A Blog by the Editor of The Middle East Journal

Putting Middle Eastern Events in Cultural and Historical Context

Tuesday, August 18, 2015

Not So Much a Cold Peace as a Quiet Peace

Just a reminder: postings will be sparse during my current two week vacation.

Jacky Hugi recently had a piece at Al-Monitor cleverly entitled "Egypt and Israel: a lover and his mistress." He led by noting the four regional countries not invited to Egypt's recent Suez Canal festivities: Turkey, Syria, Qatar, and Israel. President Sisi's government sees the first three as hostile, but it actually maintains close security and intelligence links with Israel. While the lover and his mistress imagery only goes so far, it's also true that Egypt doesn't publicize (for a domestic audience at any rate) the closeness of its cooperation with Israel on issues such as Gaza, Sinai, and Hamas, though they're well enough known to outside players. In the early years of the peace treaty some Israelis complained of a "cold peace"; what has evolved is instead a quiet peace, hence the lover-mistress analogy.

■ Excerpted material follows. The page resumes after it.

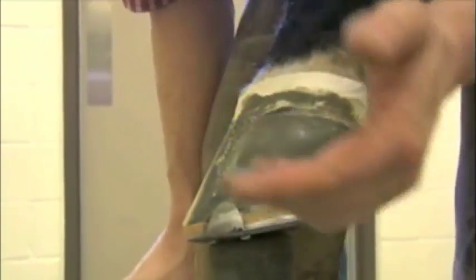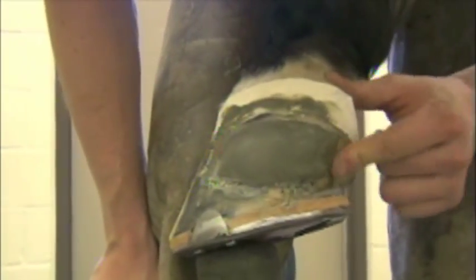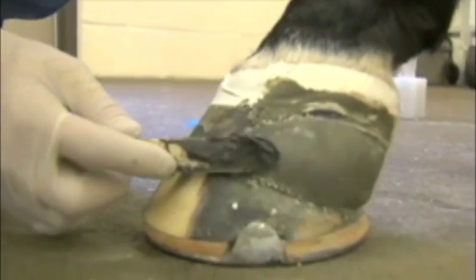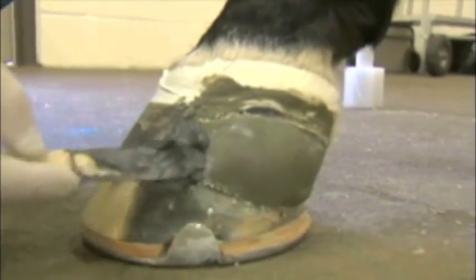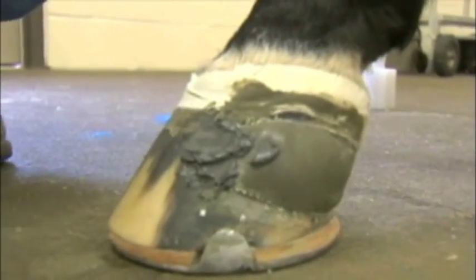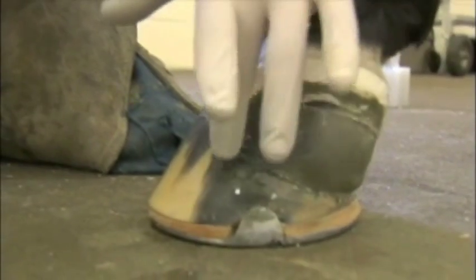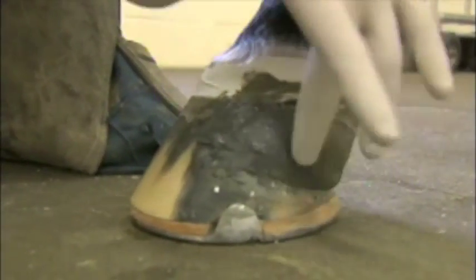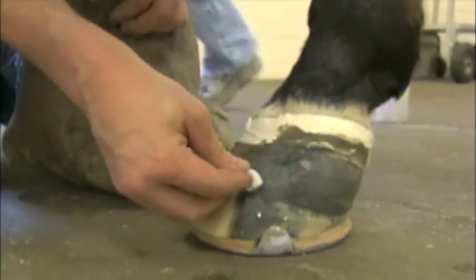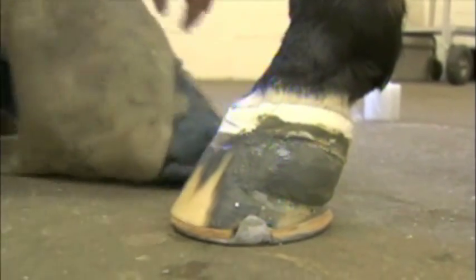Let me take a one-ounce jar of Equilox and just clean up this edge here — it's a little rough. I like to see it a little smoother, like how it is back by the heel. I like to keep it low. Once it starts getting tacky, I'll just wrap it to make it look smoother.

The Jordanian-Israeli peace also generally is kept to a low profile inside Jordan. But recently both Jordan and Israel participated in the international Red Flag exercise in Nevada, and according to a military website at least, after ferrying two flights of Israeli F-15s to Spain and on to Lajes in the Azores. Israeli aerial tankers also ferried a flight of Jordanian F-16s on the same route. Again, that the two countries cooperate on security and intelligence matters is no secret, but this sort of close cooperation gets as little domestic publicity in Jordan as in Egypt.